The owner of the Carolina Hurricanes, Tom Dundon, and Justin Williams, a Hurricanes Hall of Famer. This is very good. You guys look right off the pickleball court. It's very nice. Thank you very much for coming in. I appreciate what you guys are doing. Alright, are we all sitting there?

I think we're all sitting there. Did you play pickleball today? We did.

How'd you do? Did you win? Come on. Justin played with you, so the answer is yes?

Of course. A lot of people don't know this, but Tom, just because he owns the pickleball circuit, he's a very, very good pickleball player. He played tennis. Very, very good pickleball player.

You were a tennis player in college. No. Tom's pretty good.

No. He's good with a racket, for sure. He's good with a paddle. So, I know Rod Brindamore played in the pro end that you guys had a couple of weeks ago when I was in Phoenix for the Final Four. Humble brag. A little humble brag there.

I was gone because I couldn't make it because I was here. Exactly. But Rod said that Justin, you're like half a pro already at pickleball.

I'm not, but I have a good time with it, for sure. And when Tom comes into town, will you either play some golf or play some pickle and wait for the Canes games at night? Is he better at pickleball or golf? Pickle. Really? I'm terrible.

No, no, no. Is he better at pickleball or golf? He's good at both. I know he's good at both. He just played in the celebrity invitational golf tournament. Talking about humble brag, he's like, Justin, let's talk Canes. And he sends me a little tweet, a text about, yeah, I'm playing the celebrity invitational golf tournament. Which Eric Cole was out there, just hung out with you for a day?

He came and played the pro end and there was a little pickleball exhibition, too, that they had there also. Do you have your own racket? No. A paddle? Is it a racket or a paddle? I can sign a racket and call it my own. That's fine. All right, let's talk a little hockey. Let me start with the owner here. Business good?

Yeah. It's been pretty good. It's a good year.

It has been a good year. How have you dealt with the fact that at the beginning of the season, the team was the favorite, and then as we got back to the playoffs, again, the team is the favorite? Does that make you more nervous? Can you even possibly be more nervous than you normally are before any game? I don't know. I hadn't thought about it like that. It's probably about the same. There's always a chance you could lose and that chance is what makes you nervous.

You know this as well or better than anybody, Justin. It doesn't make a difference how good you are. The first round of the NHL playoffs, Rod said to me the other day that it's the toughest round to win. What do you think about just round one?

How do you approach it?
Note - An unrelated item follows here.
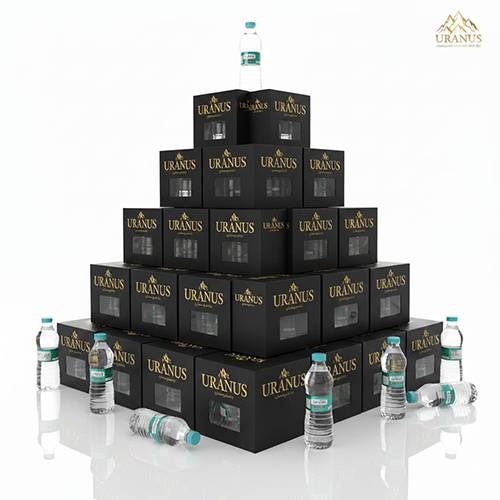 اورانوس مياه بعبوات شفافة 500مل 12حبة 10باكيت + 10باكيت مجانا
Because it really doesn't matter. You could lose.

I don't know if I disagree or agree with that. People expect the first round to be hard. It's not that it makes any round less hard. Everybody's usually pretty healthy. But to go back to what Tom was saying, are you nervous that you may lose? Yeah, you might lose, but a lot of luck goes into it as well. And the luck part, being healthy. You can see last year we weren't very healthy. Obviously we had Jesper Faust out, but that's one guy on our team. And with the depth we have, we're able to overcome that. But being healthy going to the playoffs is such a big tool to have and such a big benefit for us having our full complement of players. Is that luck?
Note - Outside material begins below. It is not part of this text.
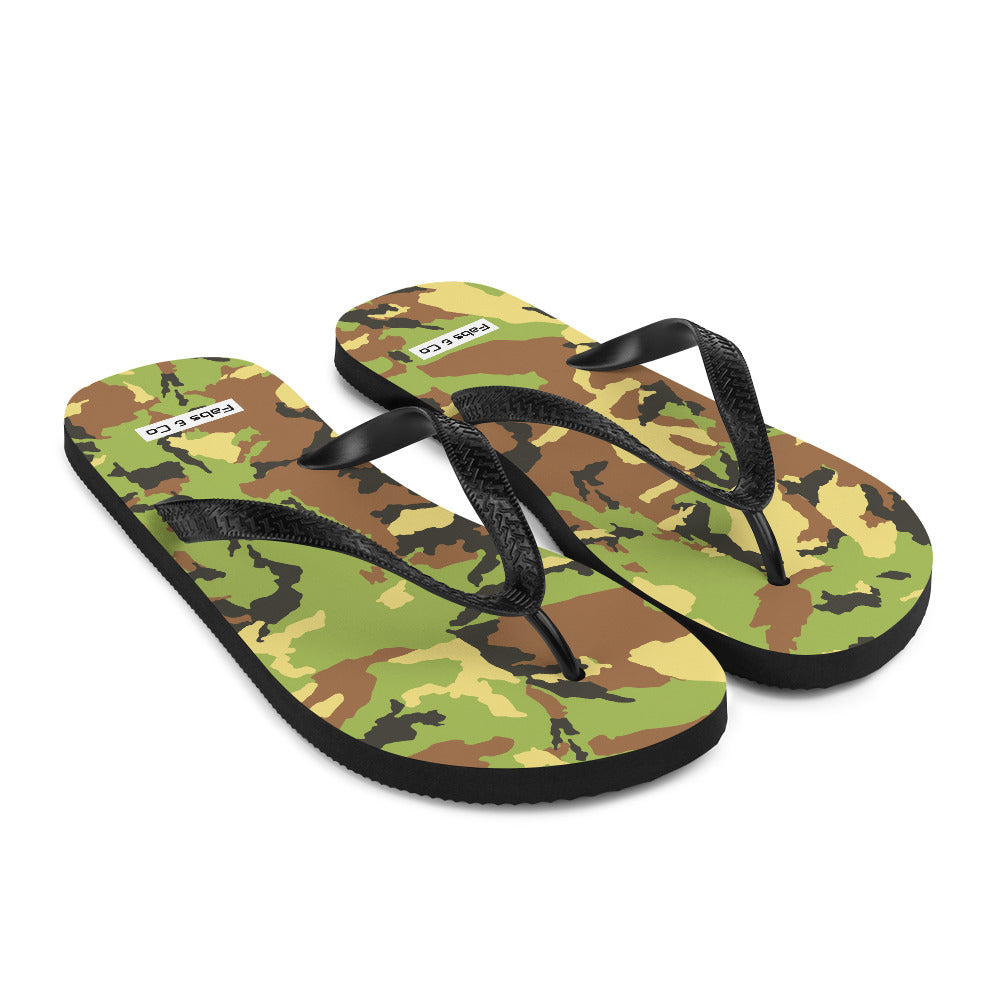 Green Camo Mens Flip-Flops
A little bit, yes. It comes down to it, absolutely. Obviously taking care of yourself and stretching and doing preventative stuff is very important. But there's the freak accidents that happen. It's hockey. It's a fast sport. Everybody knows that.
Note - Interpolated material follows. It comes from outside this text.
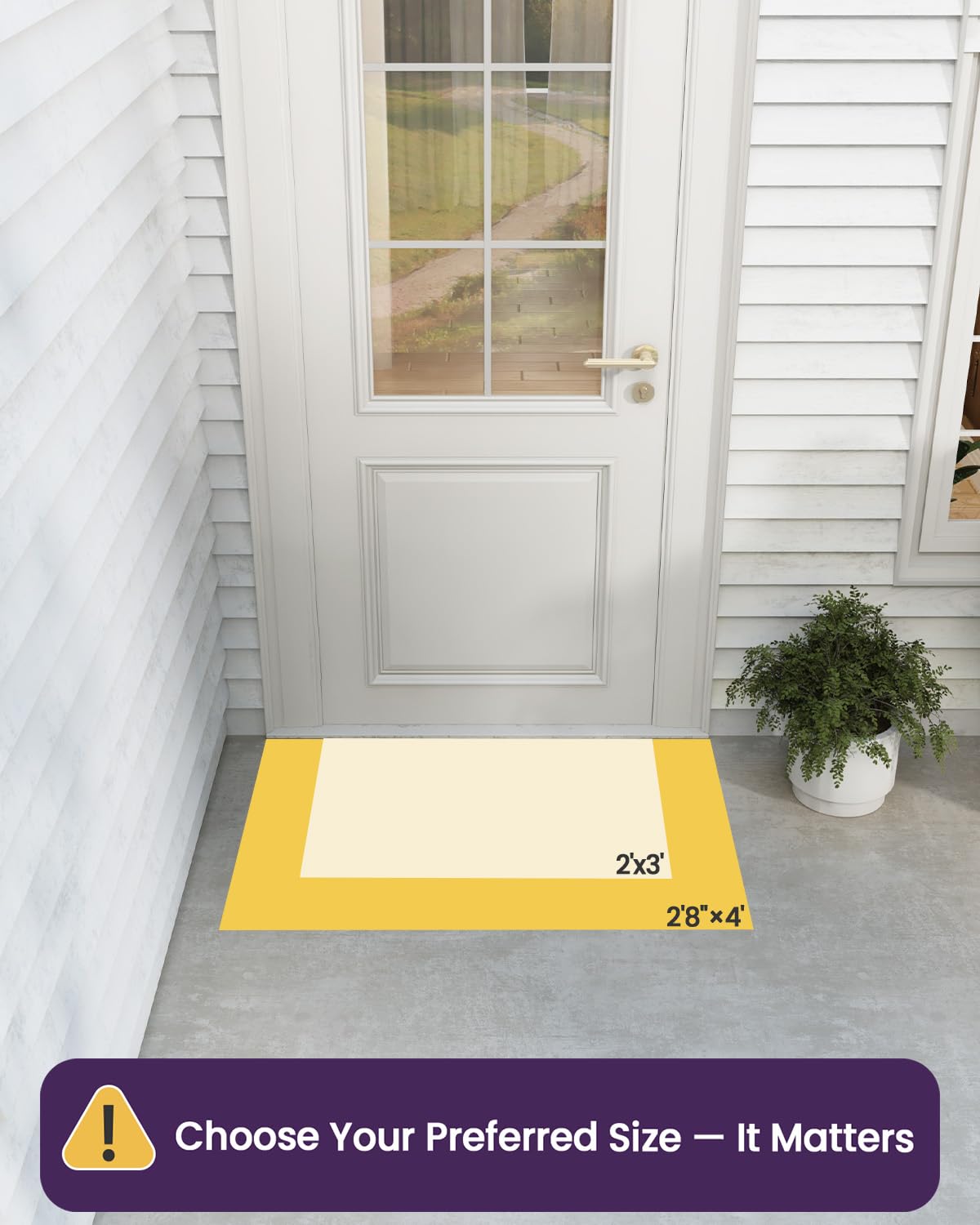 DEXI rubber-backed mat provides anti-slip grip for safe outdoor use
And you can get hurt when it's not really your fault. I'm happy with the way we're coming in. I'm happy we won the first game, but I know we have a long way to go. Oh my gosh, one of 16 wins that you're trying to get.

And they're all difficult. Tom, have you suggested to Rod who he should start in goal tonight? No, he doesn't take suggestions.

There's no suggestion box down there. Oh, there should be. So who do you expect to be in goal tonight? I assume it'll be Freddie. I didn't even ask. Do you know?

I didn't ask. I assume it's going to be Freddie. They're all good. Right.

So I do too. And like I talked to him at five o'clock tonight and the first question I'm going to ask, who is it? I'm not going to say if he says Piotr, I'm not going to say, are you nuts? Because we know Kuchetkov has been so good since December 12th. I mean, the numbers, that's a that's a pretty big sample size since December 12th. He's a top five goalie in the league since then. All all of the metrics say that whether he is or not in everybody's mind, all the metrics say he's top five goal in the league since then. I won't say that, but I think it's Freddie based on the ways he's played. That's just the way I look at it.

You have a comment about that? No, I mean, they've all played very, very well for us. Certainly this, you know, the last three quarters of the season, they played extremely well for us, given us a chance to win.

And we're certainly not at a disadvantage to any team when you start a playoff series. What do you think of the save on Noah Dobson in the third period, Tom? Pretty fortunate. Look, we talk about luck. You wear hats a lot with a shamrock on it. Not on purpose.

No, I've seen that, right? I'm sure it's a logo for something, but there is an element of luck in that save. Noah Dobson is an elite defensive, offensive player at, I think, 60 points in 70 games this year. And he's got a lot of net. And Freddie kind of paying homage to Kajetkov, I don't need a stick. I mean, you make, I'm a firm believer in you making your own luck.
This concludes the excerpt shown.